Why Australia has a gender gap

Luke Keioskie
Thu 16 Nov

The key factors contributing to Australia’s gender pay gap have been revealed with the first in-depth look at inequity in our tax and welfare systems in 30 years.

The new research from The Australian National University (ANU) also revealed that women make up less than one-quarter of the top 10 percent of income earners in Australia, and that lifetime wages of women are less than two thirds those of men.

University education leads to higher earnings for women, although not as much as men. Women who do Certificate I-IV training are no better off than if they left school at Year 12, in sharp contrast to men.

The low lifetime earnings of women mean that many never pay off their higher education HECS debts because they do not reach the income threshold required to repay.
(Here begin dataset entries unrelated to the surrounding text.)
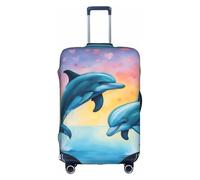 YHBLYKXP Funda protectora con estampado de delfines enamorados, funda protectora de maleta de moda, cremallera oculta, Blanco, M
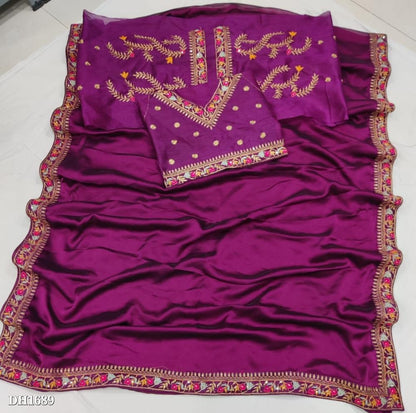 Rangoli silk fancy hand embroidered work with full embroidery work blouse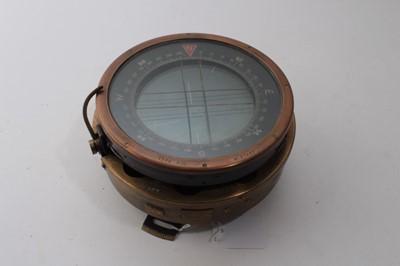 Lot 839 - Second World War RAF type P10 aircraft compass, No. 27689 B, marked with broad arrow and 6A / 1671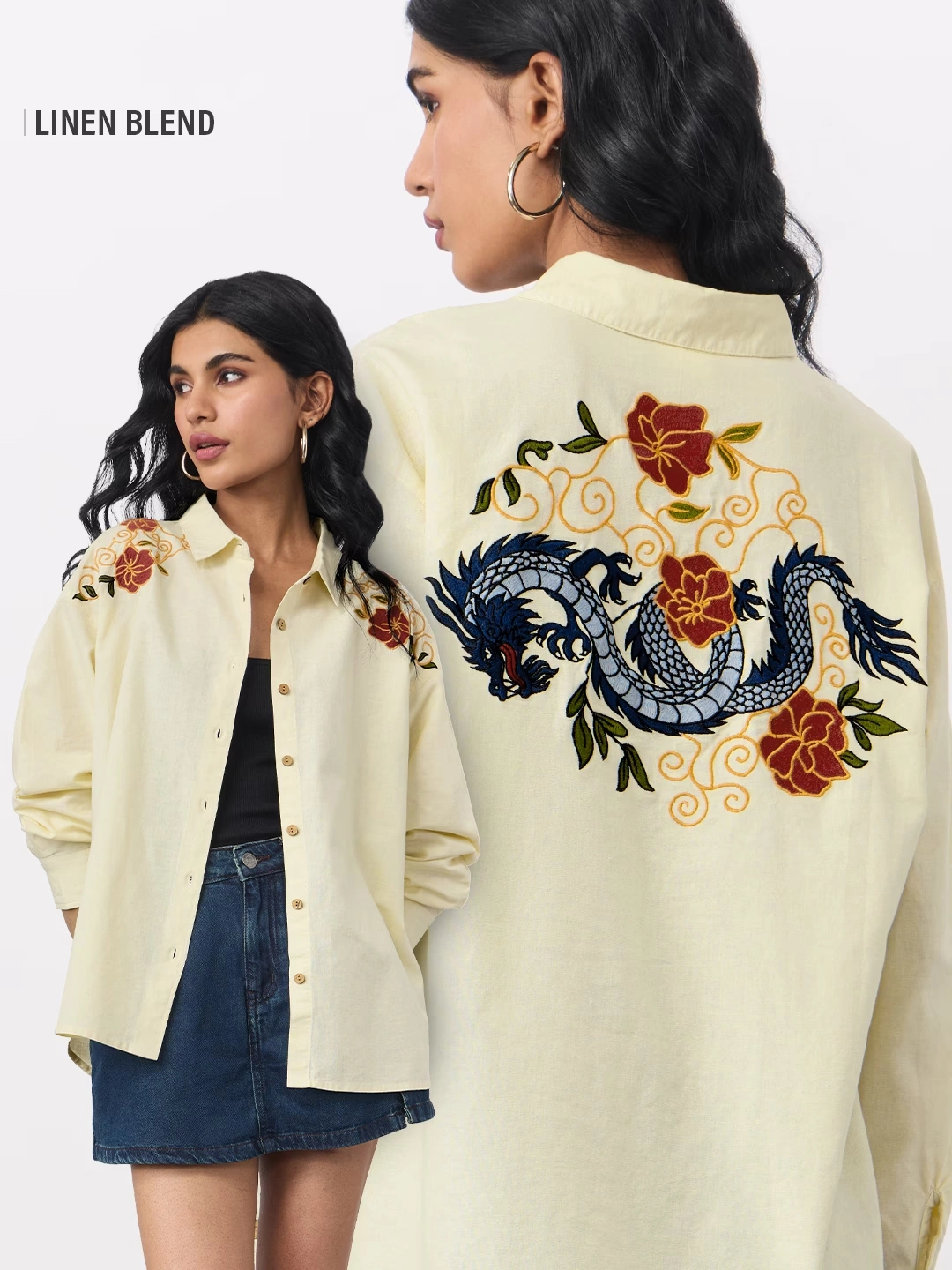 Cotton Linen Shirt: Dragon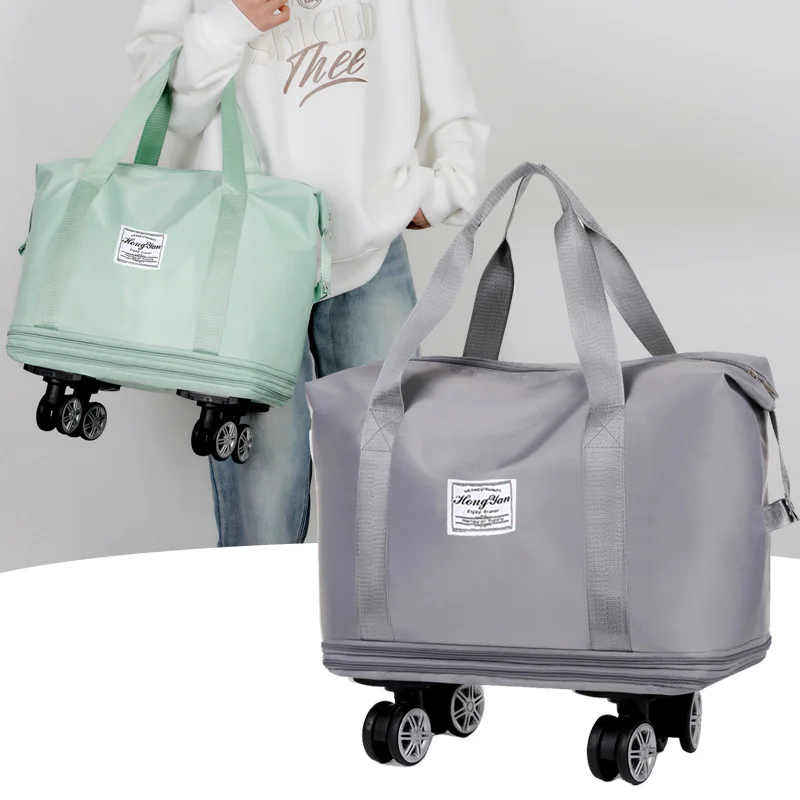 Bagagem expansível com roda universal, grande capacidade, separação seca e molhada, armazenamento, viagem, fitness, bagagem leve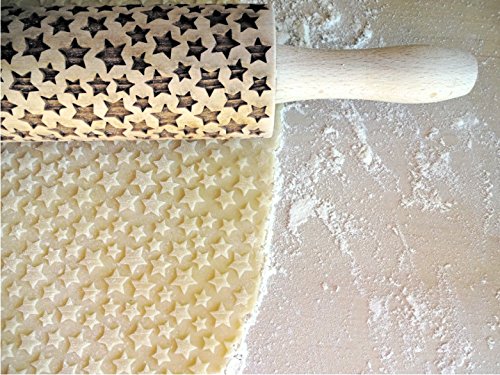 EMBOSSING ROLLING PIN STAR LASER ENGRAVED DOUGH ROLLER for EMBOSSED COOKIES MOVIE FAN GIFT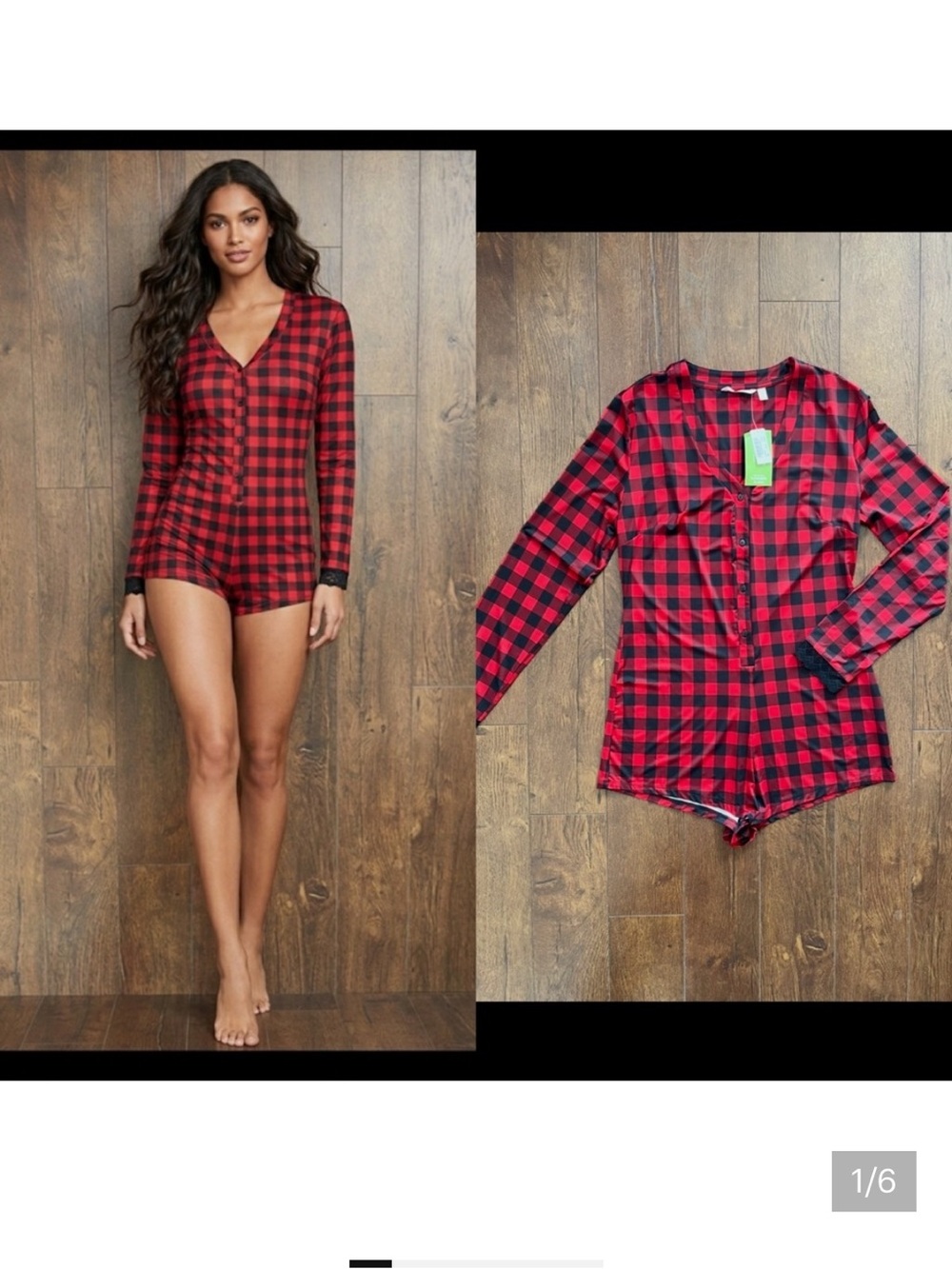 NWT La Vie En Rose Gingham Pajama Romper One Piece Sleepwear Lingerie. Medium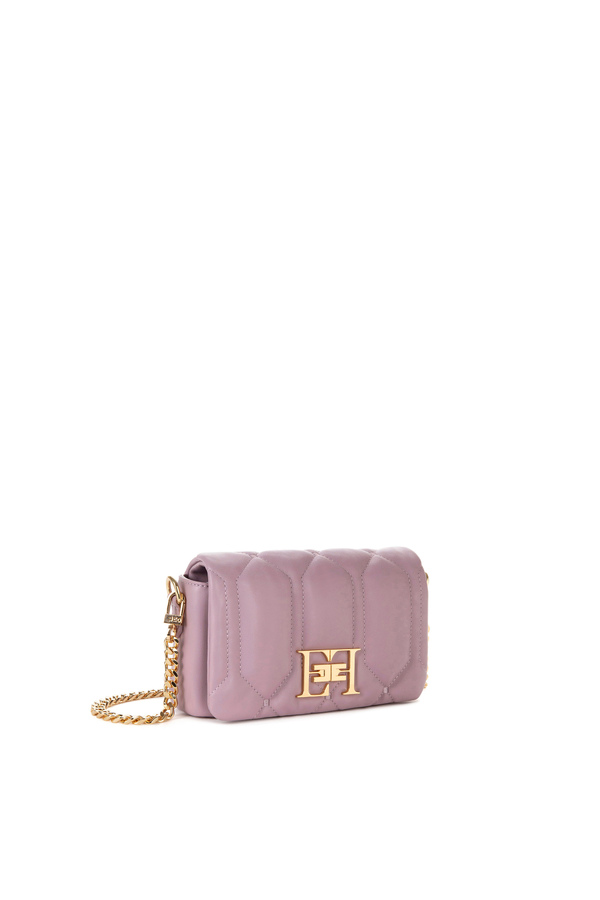 Bolso puffy pequeño con placa con logotipo - Elisabetta Franchi® Outlet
The research, published on Thursday in the book Tax, Social Policy and Gender: Rethinking Equality and Efficiency points to issues with current child care and retirement income policy as some of the reasons women continue to face financial inequality.

ANU Tax and Transfer Policy Institute Director Professor Miranda Stewart said women were still bearing the brunt of work in caring for young children, which has seen them fall behind in their careers.

“Gender equality is not being achieved and this is partly a result of the current tax-transfer system. We see it particularly in relation to care obligations,” Professor Stewart said.

“Although there has been some progress in the last decade with the introduction of broader child care and paid parental leave policy, we still have settings in place that embed gender bias in the system.

“Successive governments have abolished universal child payments that used to be a feature of Australia’s welfare system.

“If we keep pushing that care burden to be borne more by women than men, and are also pushing them back into the workforce, at some point it becomes unsustainable.”

Professor Stewart suggests Australia looks to countries like France, who have formalised early childcare education for 3 to 4-year-olds as a way to reduce the burden.

“Our research found that the quality of care is a priority when mothers are deciding whether to return to work,” she said.

“A more formalised early education program frees up women to return to work earlier knowing that there is quality care.”

The research also confirmed the well-known assumption that women faced a retirement-income gap.

 “Women have more interrupted work patterns than men over the course of their career, so they can’t accumulate as much super,” she said.

“They are also paid lower wages, and super is dependent on income levels.

“The reality is that private savings are not going to deliver adequate retirement income for a majority of the population – we can’t just rely on super.”